The group will cough up £225 million to Deutsche Telekom and Orange in a bid to avoid legal action after its share price slumped in the wake of the scandal, which saw BT book a £530m write down earlier this year.
The payout relates to the sale of mobile giant EE by the pair to BT for £12.5 billion, which left Deutsche and Orange with stakes in the UK firm. The share slide following the Italian scandal left it exposed to legal action from shareholders.
BT’s pre-tax profit tumbled 42 per cent to £418m in the latest quarter, though adjusted Ebitda was only fractionally lower.

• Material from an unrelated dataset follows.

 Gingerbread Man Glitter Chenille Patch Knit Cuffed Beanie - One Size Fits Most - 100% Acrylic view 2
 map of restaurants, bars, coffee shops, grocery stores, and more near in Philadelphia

Hargreaves Lansdown analyst George Salmon noted: “The accounting scandal in Italy has led to another £225m of nasties turning up in first-quarter numbers, to add to the £530m the group originally set aside back in January.
“In addition to this, misdemeanours at Openreach mean a total of £340m is to be paid in fines and compensation, and another £300m is needed to cover the cost of restructuring a number of divisions, including Global Services.
“All the while the circa £16bn pension and debt pile looms over the group.
“However, it’s probably unfair to paint an entirely gloomy picture. BT has shaken off demands to fully separate the higher-margin Openreach division, and assuming there aren’t any more skeletons in the closet, the cash flows from EE and the growing Consumer division are potentially attractive.”